The effective memory address referenced by such an instruction is formed by sign-extending the 16 bit displacement to 32 bits and adding it to the specified index register: 
     ea = r[x] + sxt(disp)
In this special case, when x = 0, r[x] refers to the program counter. As a result, indexed addressing using r[0] is relative to the address of the immediately following instruction.
Thus, "LOAD R1,0,16" does not reference memory location 16, it references location (.+4)+16 -- that is, the location 16 bytes beyond the LOAD instruction, noting that the LOAD instruction itself is 4 bytes long.

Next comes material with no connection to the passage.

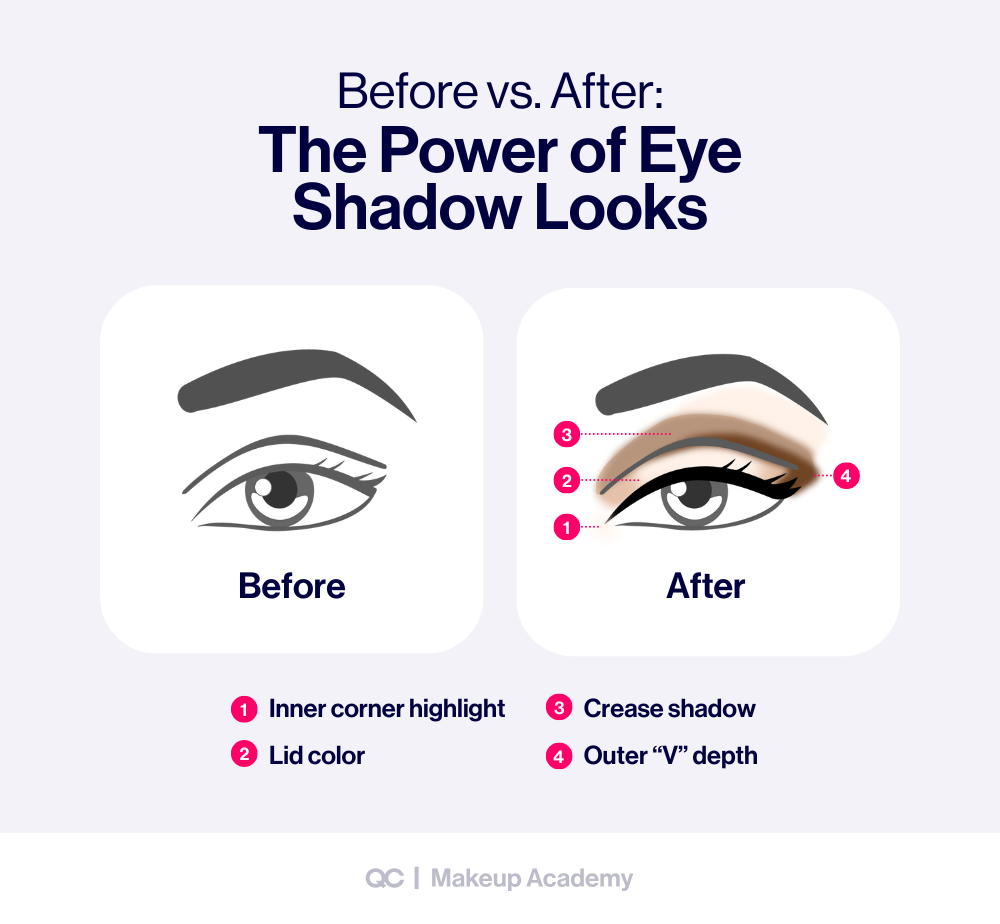 “Before and after infographic showing the power of eye shadow looks with step by step eyeshadow application, including inner corner highlight, lid color, crease shadow, and outer V depth.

This addressing mode is called PC relative addressing or just relative addressing, for short. The branch instructions use a very similar addressing mode, but using an 8 bit branch displacement where the memory addressing instructions use a 16 bit displacement. Thus, where the branch instructions could only reference things within a 256 byte range, the LOAD, STORE and related instructions can do PC relative references to anywhere within a 65536 word range.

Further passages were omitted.